Network alignment benchmark

Author: Huynh Thanh Trung et al.

Requirements

pytorch >0.2 is required (0.4 is recommended).

networkx 1.11

python 3

example scripts to generate dataset

Extract file dataspace.zip before running scripts

scripts/gen_semi_ppi.sh

scripts/gen_fully.sh

examples to run algorithms can be found in script/

data_utils:

  • count_node_same_features: Count number of edges which have same features.
  • edgelist_to_graphsage: Convert from edgelist to graphsage data (include G.json, id_map.json).
  • evaluate_distance: Evaluation embedding based on link prediction.
  • extend_anchor_link: Extend network.
  • feature_groundtruth_checking: Checking dict features whether corrected or not, input is source dataset and target dataset (shuffle source dataset).
  • feature_statistics: Print the value taken by sum all features of a network.
  • filter_dataset_by_dict:
  • filter_dataset_by_degree: Remove nodes which have degree < threshold.
  • gen_dict: Generate dictionaries with a split value, including train.dict, test.dict and full.dict.
  • generate_groundtruth: Input a txt file containing list of nodes, output a groundtruth file. This file is deprecated. Use full.dict generated by gen_dict, then rename this file to "groundtruth". (Deprecated).
  • get_sub_graph: Generate subgraphs of a network.
  • graphsage_to_edgelist: Convert data from graphsage format to edgelist format.
  • graphsage_to_mat: Convert data from graphsage format to .mat format.
  • mat_to_graphsage: Convert data from .mat format to graphsage format.
  • merge_graphs: Merge two graphs into one.

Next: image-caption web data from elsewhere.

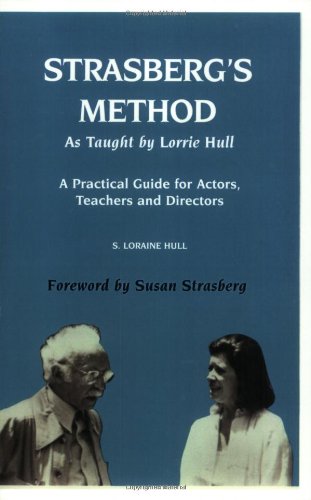 Strasberg's Method As Taught by Lorrie Hull: A Practical Guide for Actors, Teachers and Directors book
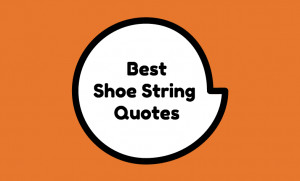 best shoe string quotes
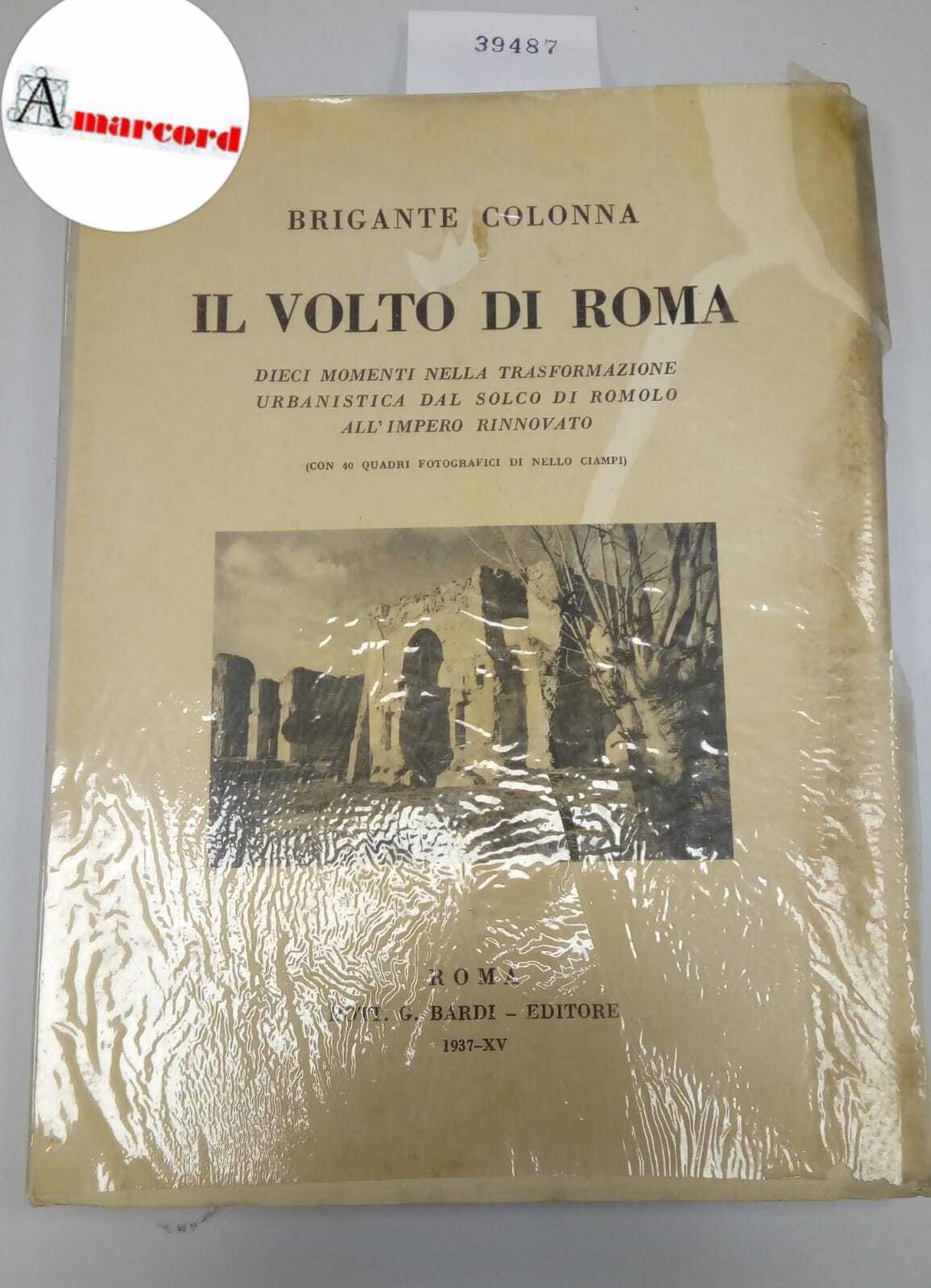 Brigante Colonna, Il volto di Roma, Bardi, 1937.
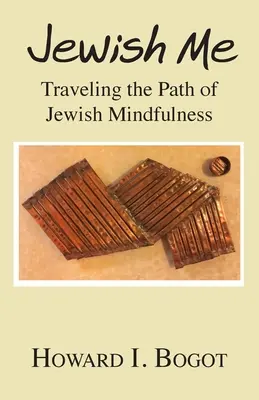 Yo judío: Recorriendo el camino de la atención plena judía - Jewish Me: Traveling the Path of Jewish Mindfulness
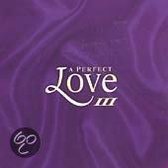 A Perfect Love III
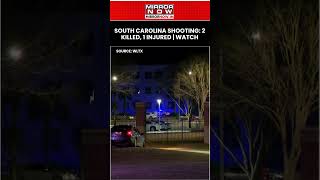 South Carolina: 2 Killed, 1 Injured In Shooting At State University Residential Complex #shorts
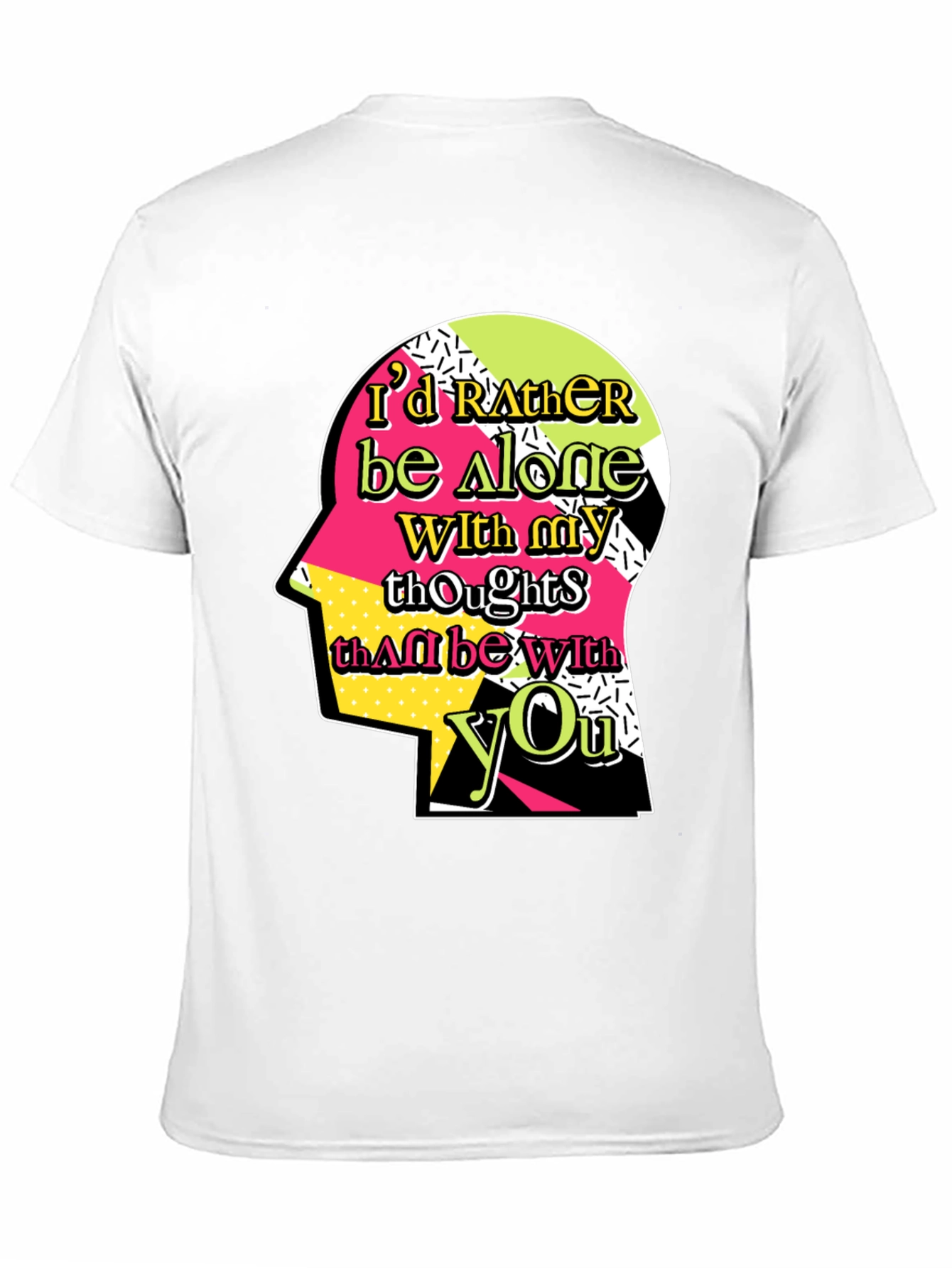 Id Rather Be Alone T-Shirt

Note that new groundtruth file is the groundtruth of source dataset with shuffled source dataset (this file oftens use with the input of source dataset and shuffled source dataset).
  • pale_facebook_preprocess: Filter nodes in pale_facebook dataset which have degree < threshold.
  • pale_random_clone: Random delete and add edges to a network based on the algorithm in IJCAI16's paper.
  • random_clone: Random add and delete add edges to a network.
  • random_clone_add: Random add edges to a network.
  • random_clone_delete: Random delete edges to a network.
  • shuffle_graph: Create new graph by shuffling a graph.
  • split_dict: Split groundtruth to train and val set.
  • split_embeddings: Split embeddings file to source and target embedding. This file oftens use with merge_graphs after training a merged graph.
  • synthetic_graph: Create a synthetic graph.
  • visualize_degree_distribution: Visualize nodes' degrees of a network.